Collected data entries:
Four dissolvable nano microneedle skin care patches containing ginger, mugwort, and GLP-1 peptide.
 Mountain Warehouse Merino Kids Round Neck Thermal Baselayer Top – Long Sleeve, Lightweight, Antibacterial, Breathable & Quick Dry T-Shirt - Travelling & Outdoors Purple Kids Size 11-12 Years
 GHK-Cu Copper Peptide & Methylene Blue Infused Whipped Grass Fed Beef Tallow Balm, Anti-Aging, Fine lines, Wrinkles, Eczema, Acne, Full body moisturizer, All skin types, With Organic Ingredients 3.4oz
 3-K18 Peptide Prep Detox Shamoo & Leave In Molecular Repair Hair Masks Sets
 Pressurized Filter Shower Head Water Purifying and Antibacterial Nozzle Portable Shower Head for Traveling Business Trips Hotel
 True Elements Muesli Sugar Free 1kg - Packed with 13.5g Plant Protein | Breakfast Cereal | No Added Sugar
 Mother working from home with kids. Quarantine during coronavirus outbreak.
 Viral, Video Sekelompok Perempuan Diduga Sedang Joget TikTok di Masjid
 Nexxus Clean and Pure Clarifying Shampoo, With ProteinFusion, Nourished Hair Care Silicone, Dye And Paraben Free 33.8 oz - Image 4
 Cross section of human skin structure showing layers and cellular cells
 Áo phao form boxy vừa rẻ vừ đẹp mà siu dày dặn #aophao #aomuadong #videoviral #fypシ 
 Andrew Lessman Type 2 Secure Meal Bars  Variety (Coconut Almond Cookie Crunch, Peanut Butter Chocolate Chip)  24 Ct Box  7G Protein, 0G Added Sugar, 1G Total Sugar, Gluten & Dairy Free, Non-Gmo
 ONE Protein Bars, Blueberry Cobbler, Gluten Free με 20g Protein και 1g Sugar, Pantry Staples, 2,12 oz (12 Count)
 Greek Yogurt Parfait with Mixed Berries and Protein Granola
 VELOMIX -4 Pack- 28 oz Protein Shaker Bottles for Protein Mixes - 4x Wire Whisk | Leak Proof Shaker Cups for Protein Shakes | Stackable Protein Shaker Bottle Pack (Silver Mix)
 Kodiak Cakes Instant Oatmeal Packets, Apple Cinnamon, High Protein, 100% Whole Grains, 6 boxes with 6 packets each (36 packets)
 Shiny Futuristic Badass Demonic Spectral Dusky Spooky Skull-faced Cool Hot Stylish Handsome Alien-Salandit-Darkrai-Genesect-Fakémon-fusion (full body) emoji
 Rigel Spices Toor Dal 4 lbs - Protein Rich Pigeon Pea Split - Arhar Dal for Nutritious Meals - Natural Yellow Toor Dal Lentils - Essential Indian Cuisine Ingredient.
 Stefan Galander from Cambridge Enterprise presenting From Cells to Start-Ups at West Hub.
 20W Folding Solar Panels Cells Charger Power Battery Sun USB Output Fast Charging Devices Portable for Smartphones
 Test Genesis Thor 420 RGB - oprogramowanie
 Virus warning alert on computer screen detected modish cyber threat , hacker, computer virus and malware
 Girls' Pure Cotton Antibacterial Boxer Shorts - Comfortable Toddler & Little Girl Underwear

Exercise aim: Quote exactly the first line of the data and every line after it through the one holding "Áo phao form".

Result:
Four dissolvable nano microneedle skin care patches containing ginger, mugwort, and GLP-1 peptide.
 Mountain Warehouse Merino Kids Round Neck Thermal Baselayer Top – Long Sleeve, Lightweight, Antibacterial, Breathable & Quick Dry T-Shirt - Travelling & Outdoors Purple Kids Size 11-12 Years
 GHK-Cu Copper Peptide & Methylene Blue Infused Whipped Grass Fed Beef Tallow Balm, Anti-Aging, Fine lines, Wrinkles, Eczema, Acne, Full body moisturizer, All skin types, With Organic Ingredients 3.4oz
 3-K18 Peptide Prep Detox Shamoo & Leave In Molecular Repair Hair Masks Sets
 Pressurized Filter Shower Head Water Purifying and Antibacterial Nozzle Portable Shower Head for Traveling Business Trips Hotel
 True Elements Muesli Sugar Free 1kg - Packed with 13.5g Plant Protein | Breakfast Cereal | No Added Sugar
 Mother working from home with kids. Quarantine during coronavirus outbreak.
 Viral, Video Sekelompok Perempuan Diduga Sedang Joget TikTok di Masjid
 Nexxus Clean and Pure Clarifying Shampoo, With ProteinFusion, Nourished Hair Care Silicone, Dye And Paraben Free 33.8 oz - Image 4
 Cross section of human skin structure showing layers and cellular cells
 Áo phao form boxy vừa rẻ vừ đẹp mà siu dày dặn #aophao #aomuadong #videoviral #fypシ 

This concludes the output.